A new study by the Center for American Progress, a left-leaning think tank, estimates that today's austerity measures are going to leave the U.S. economy with 2 million fewer jobs and $433 billion less in economic growth by 2019.
"We are forgoing investments in new technology and in the technical skills and productivity of the U.S. workforce that drives economic growth," CAP economist Adam Hersh wrote in the report. "In other words, as a result of fiscal contraction and the acceptance of a protracted economic recovery, the potential for the U.S. economy to grow is shrinking."
Another recent think-tank study, by the Brookings Institution, found that austerity had already cost the U.S. economy more than 2 million jobs since the recession. The CAP study suggests those jobs are not coming back for at least six years, if ever.
The reason for this is that the anemic recovery has left too much of the economy's valuable resources idle: People and factories aren't working, when they could have been. As you can see from the chart below, which was produced by Hersh and the CAP, the U.S. factory sector has still not gotten fully back up to speed since the recession. And the job market is in even worse shape, with millions of workers sitting out of the labor market, their skills deteriorating by the day. (Story continues below gloomy chart.)
As you can see in the chart, less than 58 percent of the U.S. working-age population is either working or looking for work, the lowest level of labor-market participation since the early 1980s. Some of this is due to Baby Boomers retiring, but most of it is due to a sluggish economy, studies by the San Francisco Federal Reserve and others have shown.

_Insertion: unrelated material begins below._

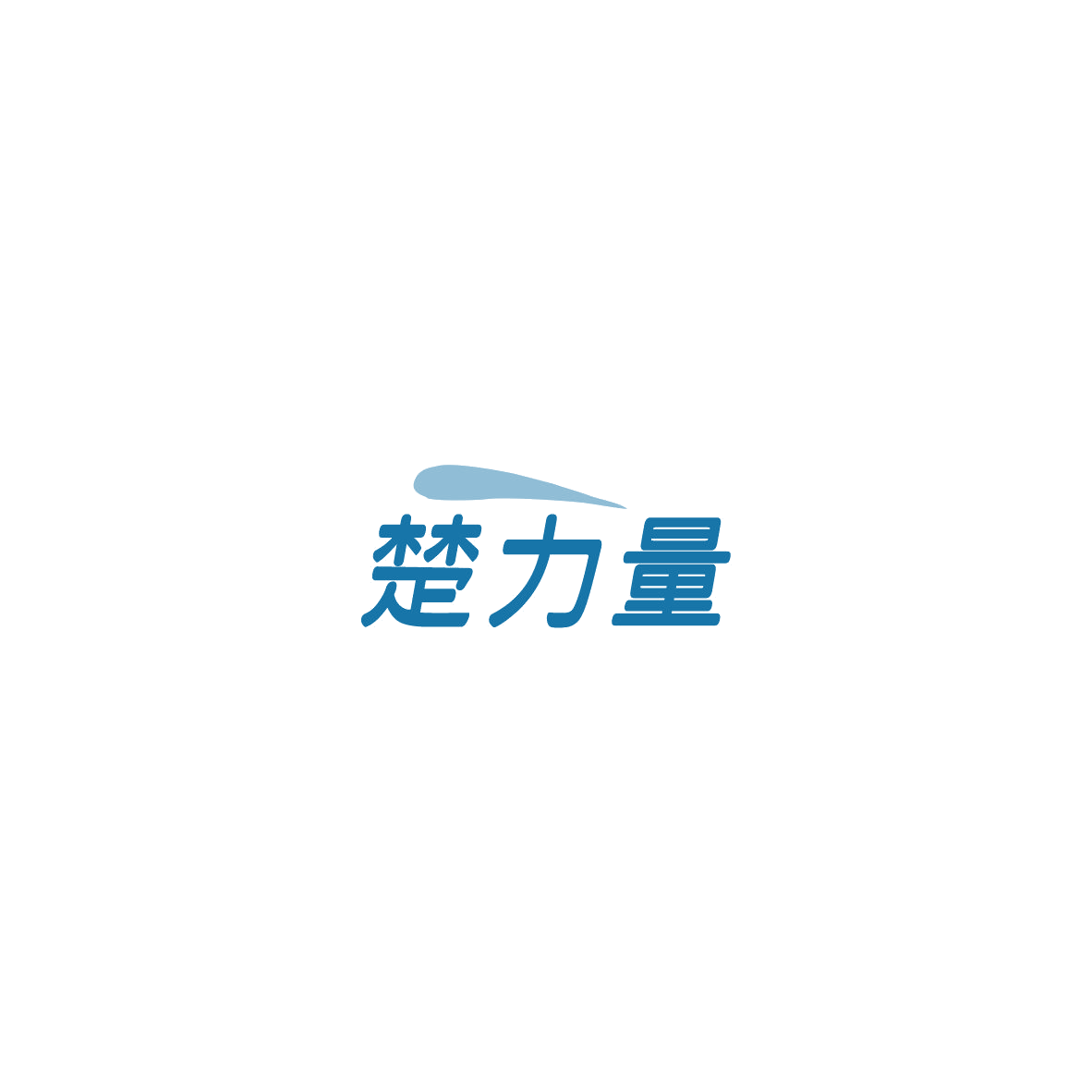 楚力量 第32类啤酒饮料 注册号84789195商标图样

As Hersh writes in his study, idle workers will slowly lose their skills, and companies will be slower to invest in new productivity-enhancing technologies. This may be one reason for the troubling slowdown in U.S. productivity in recent years. Ultimately, this will lead to lower long-term growth and fewer jobs.
The economy is weak for some reasons that don't have to do with austerity. Mainly, the bursting of the credit-market bubble of the mid-2000s has taken a long time to clean up. And it is true that the economy is chugging along -- barely -- despite austerity, as The Wall Street Journal's David Wessel pointed out on Thursday.

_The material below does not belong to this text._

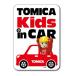 �[�l���� �Z�[�t�B�e�B�T�C��KIDS IN CAR T����Ǝ� �g�~�J���S�X�e�b�J�[ �L�b�Y�C���J�[LCS-649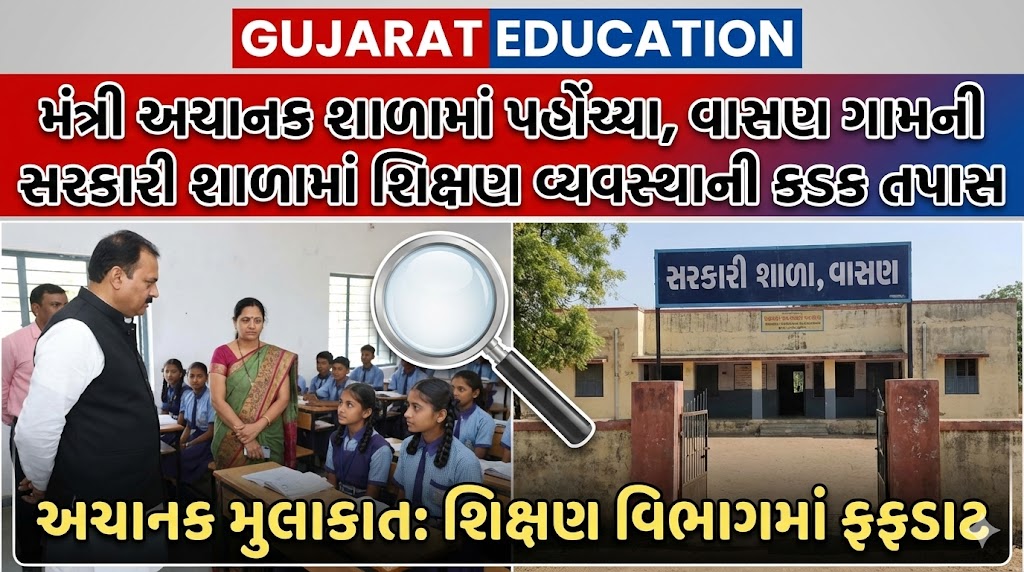 Vasan Village Government School Inspection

But the economy might be in much better shape had the U.S. government not pivoted, shortly after the recession, to its biggest spending squeeze since the end of the Vietnam War. Though the economic research driving this austerity movement has since been thoroughly discredited, many of these policies are still going strong. Austerity measures, including the payroll-tax hike and the government spending cuts of the "sequester," are going to cut 1.5 percentage points from growth this year, economists estimate. Meanwhile, federal, state and local governments have cut more than 800,000 jobs since the recession ended, adding to the labor market's pain.
All of this missing growth could have put unemployed people and dormant factories back to work. Instead, the productivity of those people and factories will continue to wither, and our future along with it.